Product Designer Interview Questions

Methods for evaluating a designer might seem obvious. You just take a look at the work they’ve produced. Certainly a thorough review of their portfolio is the best starting point.

Setting them an assignment is equally important. Assuming that both of these are positive, the next step is to chat to them about design itself.

  • Who are their role models?
  • Where do they go for inspiration?
  • How do they keep on top of current design trends?
  • What’s an example of great design (digital or physical)?
  • What books/exhibitions/conferences or communities do they attend or admire?
  • As a designer, what do they think is the most important aspect of their job?

What you’re looking for is an interest in design that stretches beyond the boundaries of their own specialisms. Are they aware of and capable of thinking critically about the design decisions that surround all of us in our everyday lives? A great designer is thinking about improvements to these details.

Related: How to hire designers

Operational and Situational questions

The assignment

There are two main approaches to choose from.

One is a specific assignment, such as the creation of a user journey or an approach to address a specific user need.

The other approach is often referred to as ideation, in which the candidate is presented with a very general problem with little or no detail. They are then asked to generate as many ideas as possible. The next step is to design a possible solution based on this thinking. The indicators you are looking for are:

  • Is your candidate fluent enough in ideas to fill up a whiteboard?
  • Can they identify their own best ideas?
  • Can they respond creatively to constraints and explore ideas that move beyond the obvious.

Operational questions

Portfolio review

  • Talk to us about your studies; tell us about an aspect of your course that you found the most engaging.
  • What’s your current occupation/What are you currently working on?
  • Take us through a couple of your favorite pieces in your portfolio. What was your design process for these pieces? What problems were you trying to solve? How did you make a certain design decision?
  • To what extent do you “own” the work in your portfolio, and can you be specific about which aspects?
  • How do you prototype your ideas? How do you know when you’ve got it right?
  • Tell us how you put yourself in the mind of the user. What kind of research methods do you use when you’re starting a new project.
  • Tell us about a project that didn’t go as planned and the reasons that led to it.

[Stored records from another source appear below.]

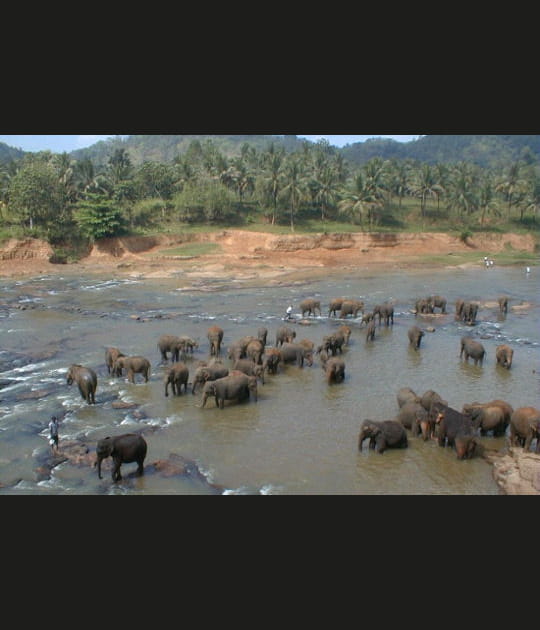Le Sri Lanka, pour le bien-&ecirc;tre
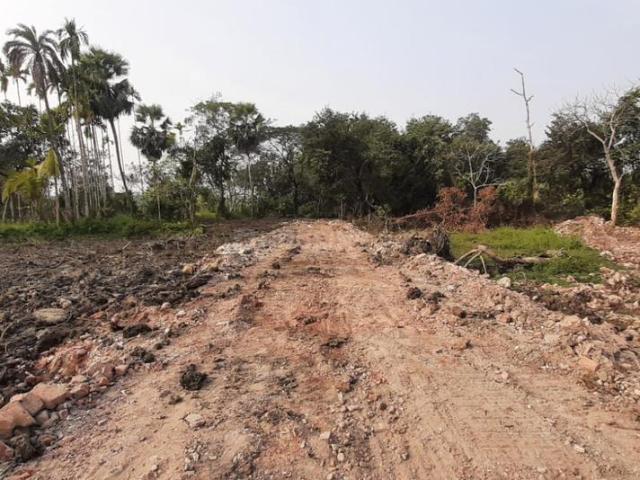 Residential Plot in Amtala for resale Kolkata. The reference number is 19684868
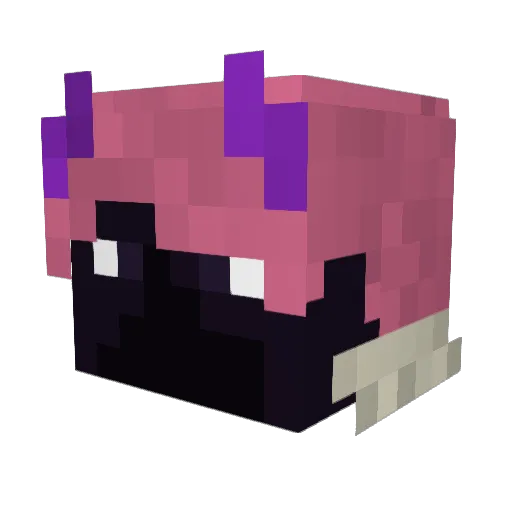 st4rrvine Minecraft avatar head, 3D render
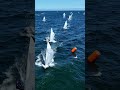 Day 4 | 2025 470 World Championship, Gdynia POL
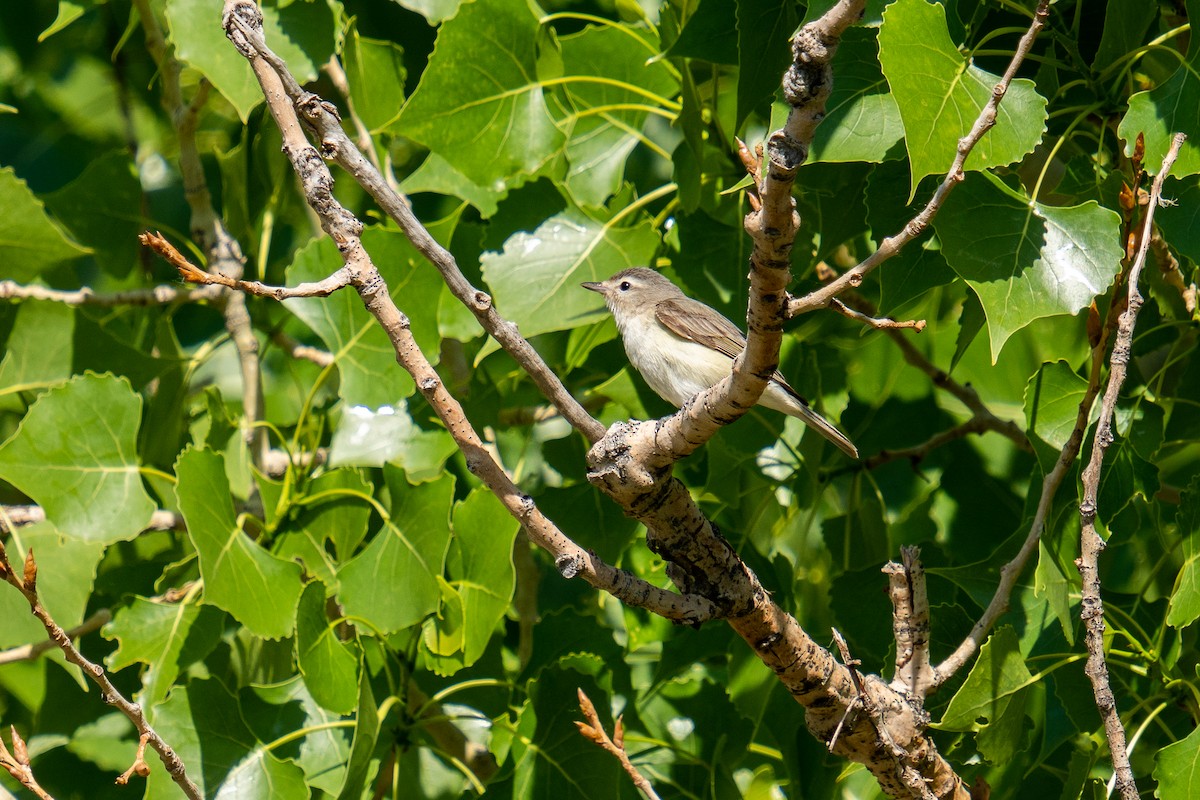 Warbling Vireo - ML458829611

How did you solve the problems that arose?
  • Do you have a side project you’d like to talk to us about?

Role-specific questions

Technical Questions

What is your preferred development environment? (operating system, text editor, version control, preproccessors)

  • Let’s say you start a new project right now – which solution will you choose for adding icons to the interface?
  • Can you describe the difference between progressive enhancement and graceful degradation?
  • What existing CSS/Sass frameworks have you used locally, or in production?
  • Are you familiar with BEM or SMACSS? What do you like/don’t like about these conventions?

  • How do you optimize a website’s assets & reduce page load time?

More resources:

Pro tip: Always include an assignment as part of the hiring process. Here are some additional questions to go through with the candidate once they have submitted an assignment:

• Talk through your design process and some of your decisions.

• What would you do differently if you had more time?

• What would you do differently if you were under a strict deadline and you couldn’t meet the project scope? Which features would you prioritize?